* [What is needed]: What follows is a listing to transcribe exactly, leaving the pictures out.

* [Available data]:
╔══

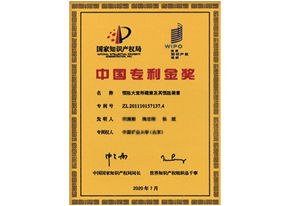 中国专利金奖
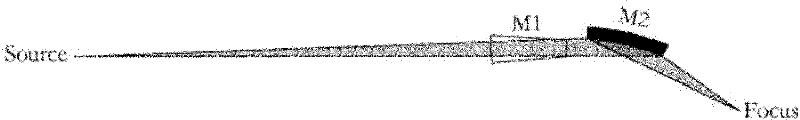 Design method of synchrotron radiation curved-edge focusing mirror with maximum application range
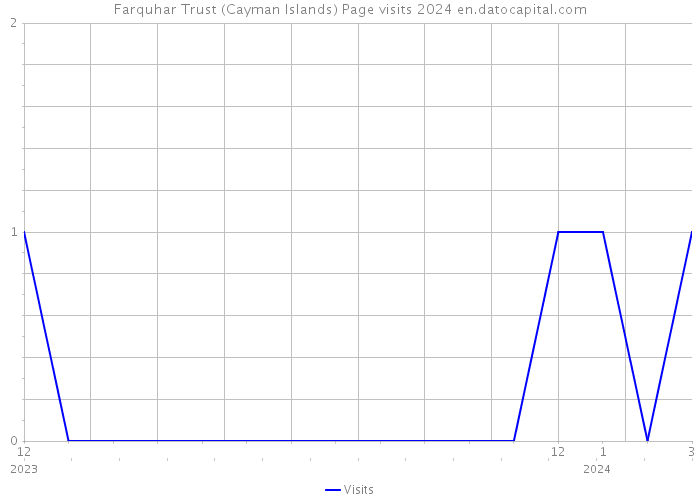 Farquhar Trust (Cayman Islands) Page visits 2024 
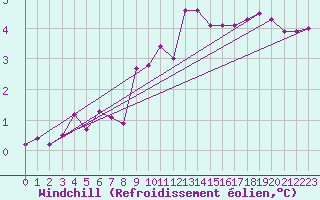 Courbe du refroidissement olien pour Leconfield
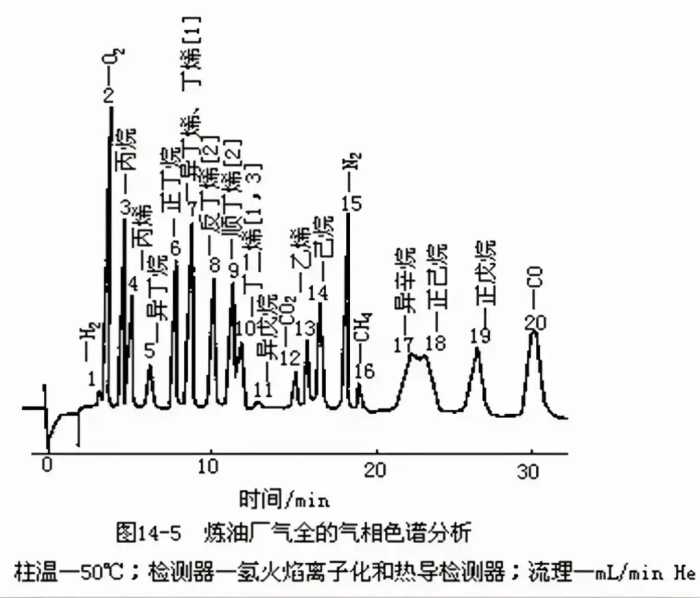 史上最全面的26种仪器分析的原理及谱图方法大全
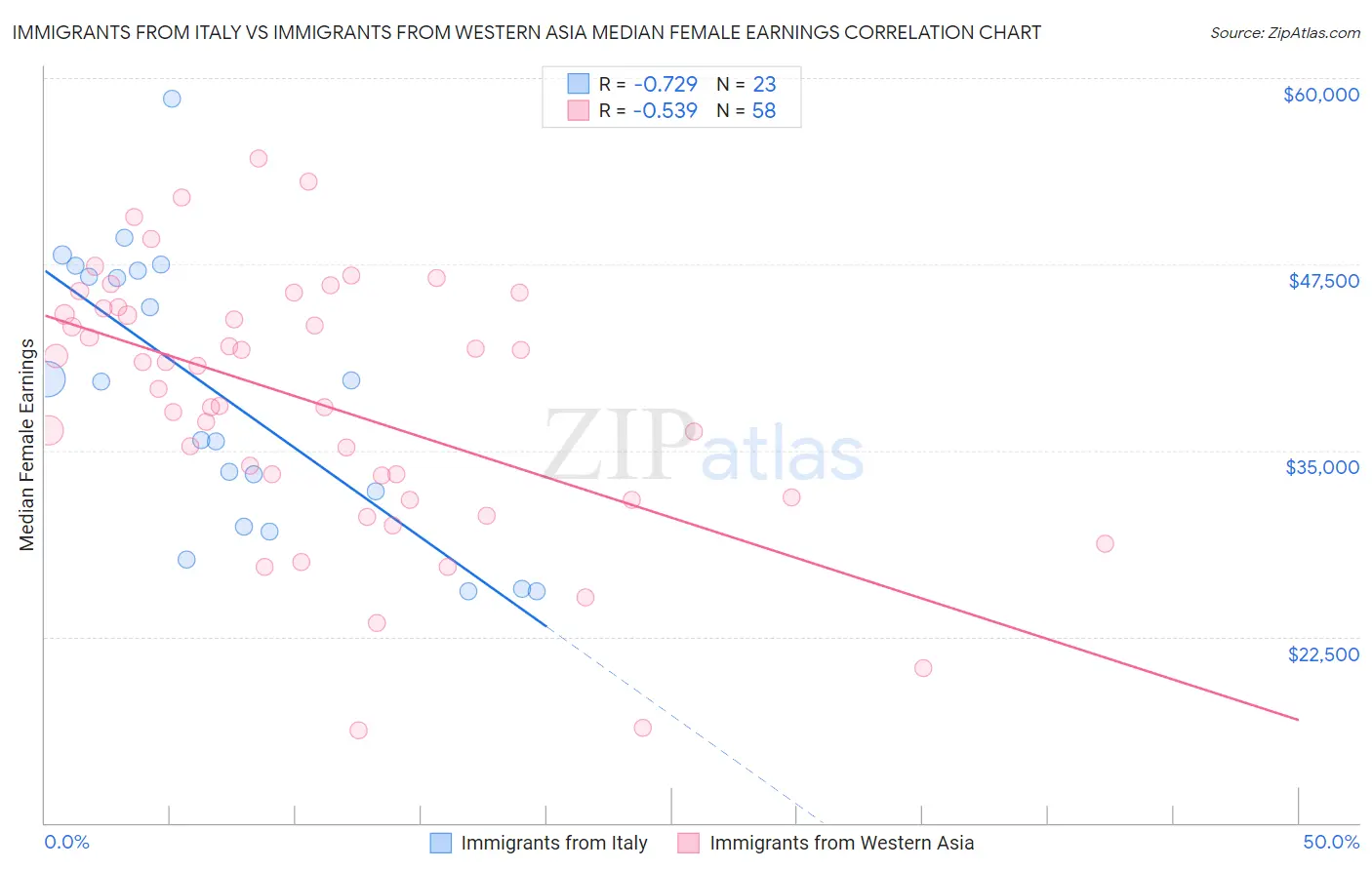 Immigrants from Italy vs Immigrants from Western Asia Median Female Earnings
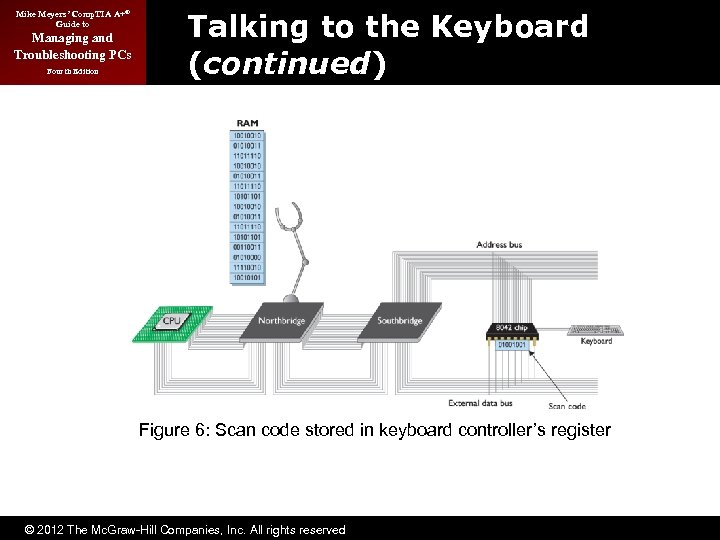 Mike Meyers’ Comp. TIA A+® Guide to Managing and Troubleshooting PCs Fourth Edition Talking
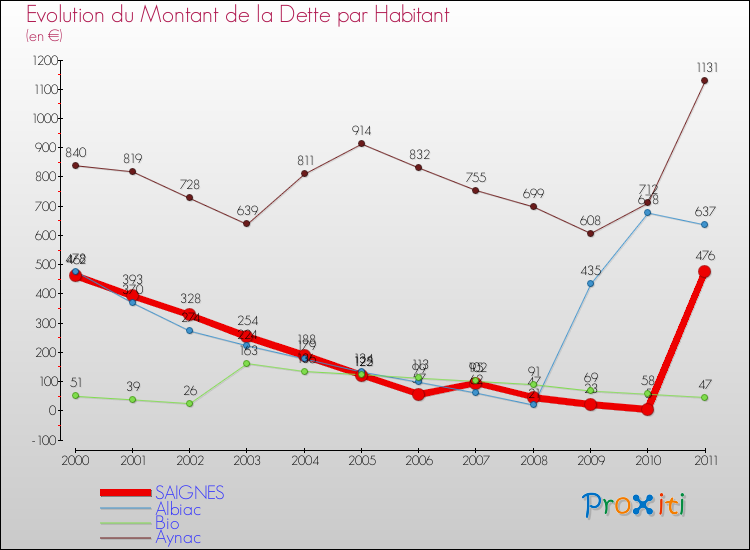 Evolution de la dette par habitant pour la commune de SAIGNES et les communes proches Comparaison de la dette par habitant pour SAIGNES et les communes voisines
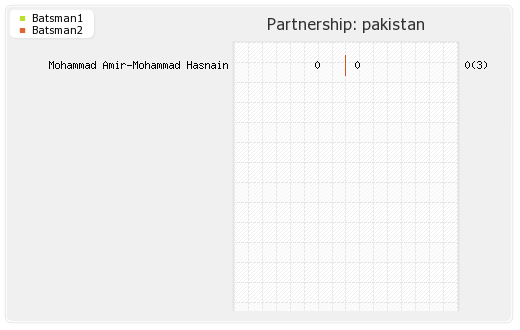 Australia vs Pakistan 3rd T20I Partnerships Graph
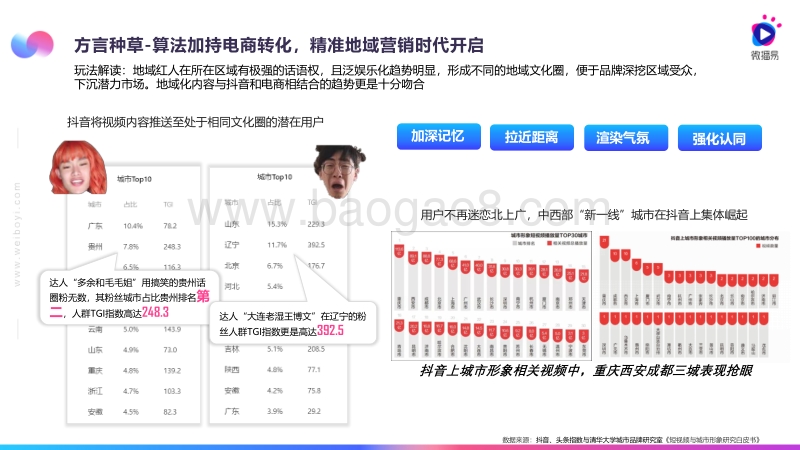 2019年10月热门种草趋势盘点.pdf_第4页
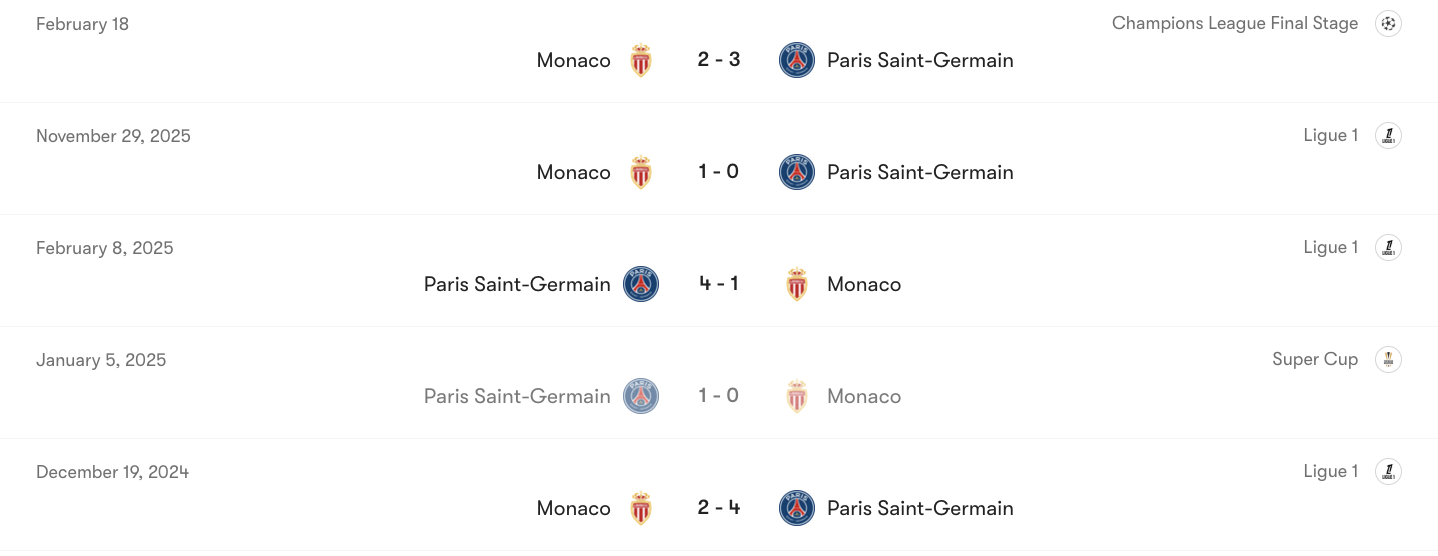 Thành tích đối đầu PSG vs Monaco | Keolive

╚══

* [Exercise answer]:
 中国专利金奖
 Design method of synchrotron radiation curved-edge focusing mirror with maximum application range
 Farquhar Trust (Cayman Islands) Page visits 2024 
 Courbe du refroidissement olien pour Leconfield
 史上最全面的26种仪器分析的原理及谱图方法大全
 Immigrants from Italy vs Immigrants from Western Asia Median Female Earnings
 Mike Meyers’ Comp. TIA A+® Guide to Managing and Troubleshooting PCs Fourth Edition Talking
 Evolution de la dette par habitant pour la commune de SAIGNES et les communes proches Comparaison de la dette par habitant pour SAIGNES et les communes voisines
 Australia vs Pakistan 3rd T20I Partnerships Graph
 2019年10月热门种草趋势盘点.pdf_第4页
 Thành tích đối đầu PSG vs Monaco | Keolive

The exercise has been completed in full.